Mis profesores me inculcaron el valor de tener expectativas. Expectativas que he valorado toda mi vida. En mis viajes internacionales he visto que una vida sin expectativas puede resultar mucho más invalidante que cualquier minusvalía. Cuando eliminas las expectativas de la vida de una persona que no tiene ocasión de interactuar con sus pares, le estamos haciendo un flaco favor a la comunidad.

Si permitimos que el nivel educativo de un niño esté dictado por el volumen de la cuenta bancaria de sus padres, el flaco favor se lo hacemos a nuestro futuro. Mis padres, gente de pueblo, honesta y trabajadora, con cinco hijos, incluyendo uno con una discapacidad, podían considerarse afortunados con tener un dólar en el banco. Si el precio hubiera sido un obstáculo a nuestra escolarización, nuestro país contaría con cuatro graduados universitarios menos, incluyendo tres docentes y un exitoso granjero y criador de ganado.

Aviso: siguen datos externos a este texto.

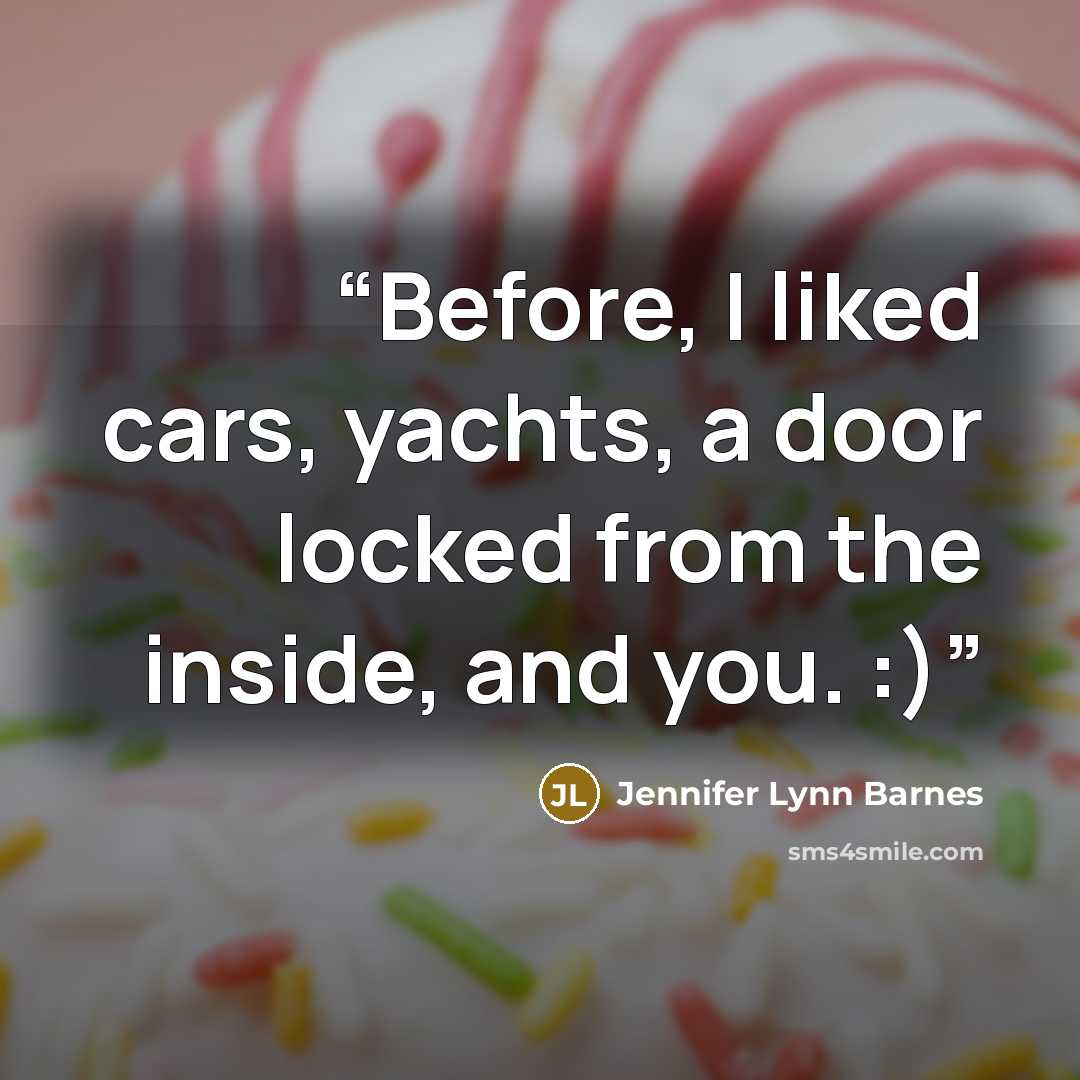 “Before, I liked cars, yachts, a door locked from the inside, and you. :)” quote by Jennifer Lynn Barnes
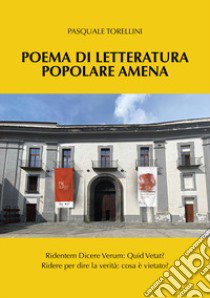 Poema di letteratura popolare amena libro di Torellini Pasquale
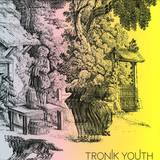 Tronic Youth - We Are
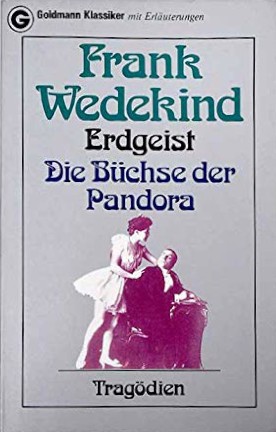 Frank Wedekind: Erdgeist/Die Büchse der Pandora (Paperback, German language, 1979, Goldmann Verlag)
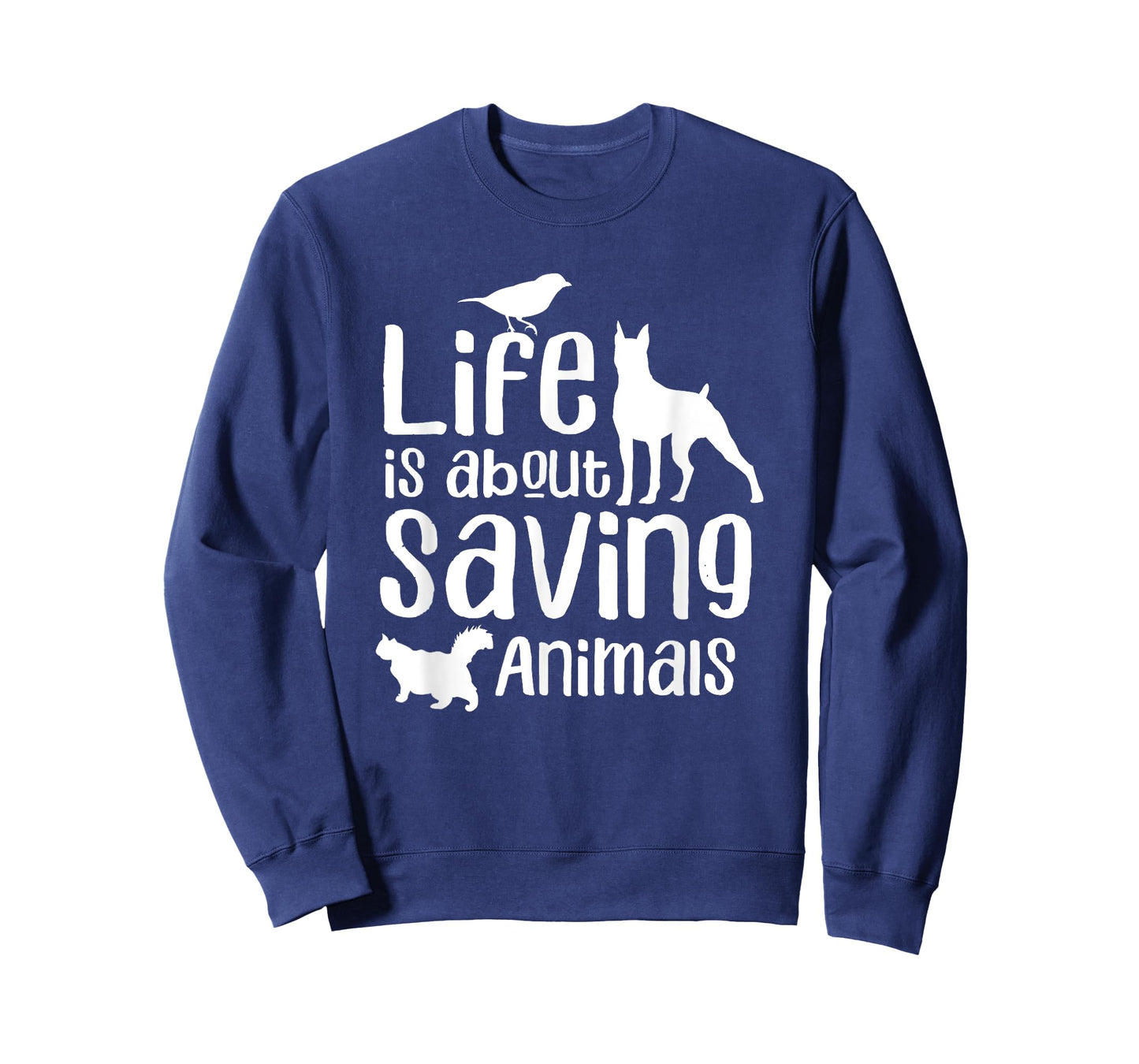 Life Is About Saving Animals Rescuer Animal Rescue Save T-Shirt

Aunque el derecho a la educación es un derecho humano básico, se estima que alrededor del 90 por ciento de los niños con discapacidades ni siquiera se matriculan en la escuela (UNICEF, 2014). Apenas el 33 por ciento de los niños que necesitarían una silla de rueda para desplazarse disponen de una. Me parece inconcebible y tendríamos que precipitarnos en la dirección adecuada para corregir esa injusticia. Pero no es el caso. La ayuda exterior aportada por los países ricos continúa reduciéndose, y los niños con discapacidades siguen colándose por las grietas del sistema y viviendo una vida sin expectativas ni oportunidades.

Yo pude beneficiarme no sólo de una sólida educación pública, sino que además pude obtener una licenciatura en educación. En la actualidad, rara vez entro en las aulas, pero me sentí obligado a completar el ciclo terciario de educación como una muestra de reconocimiento personal hacia todos los docentes que tuve en mi vida.

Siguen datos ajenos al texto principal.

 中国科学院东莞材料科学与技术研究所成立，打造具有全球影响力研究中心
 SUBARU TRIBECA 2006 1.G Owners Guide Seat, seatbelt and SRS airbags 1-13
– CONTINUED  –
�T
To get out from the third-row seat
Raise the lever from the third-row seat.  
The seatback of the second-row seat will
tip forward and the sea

En lugar de pasar cada día en las aulas, mi vida ha sido la de un atleta profesional y he llevado con orgullo mi discapacidad. He pasado gran parte de las últimas dos décadas intentando fortalecer mi cuerpo. Convenciendo a mi corazón que todavía puede latir a 200 pulsaciones por minuto durante casi dos horas, igual que cuando tenía 20 años. Intentando afinar al máximo mi equipo para conseguir recortar mis tiempos en centésimas de segundo.

He contado con los mejores profesionales del mundo para ayudarme a construir mi autoestima y mis capacidades como corredor en silla de ruedas, hasta llegar a ser el mejor del mundo en mi etapa paralímpica. Ese instante en que cruzas la línea de meta y has sido capaz de transformar en éxito todos esos momentos de asesoramiento y de duro trabajo es realmente increíble. Fui elegido como abanderado del equipo australiano en los Juegos de la Commonwealth en Australia y capitán del equipo nacional en los Juegos Paralímpicos. He almorzado con la reina de Inglaterra, he conocido al rey de España, formé parte de la tripulación del yate ganador en la regata más prestigiosa del mundo.

Pero haber tenido acceso a unos docentes comprometidos en un entorno escolar normal es más importante que todo eso y representa una victoria cada día de la semana.

Cuando una comunidad está dispuesta a abrir su sistema educativo a todos aquellos que tienen que llevar una vida diferente, la comunidad sale beneficiada. La educación no puede ser considerada como un lujo. Es esencial para la vida, y una educación inclusiva nos permite a todos experimentar una versión realista de esa vida. Yo aprendí lo que era ser normal gracias a mi inclusión en la educación general. Esa normalidad generó expectativas entre mis compañeros. A partir de ese momento empecé a soñar con convertirme en el más rápido del mundo. Pero nunca he perdido de vista lo que me hizo quien soy. Soy un chico de la Carcoar Public School, valorado por mis profesores, y apreciado por mis compañeros.

Las opiniones expresadas en este blog pertenecen al autor y no reflejan necesariamente ninguna política o posición oficial de la Internacional de la Educación.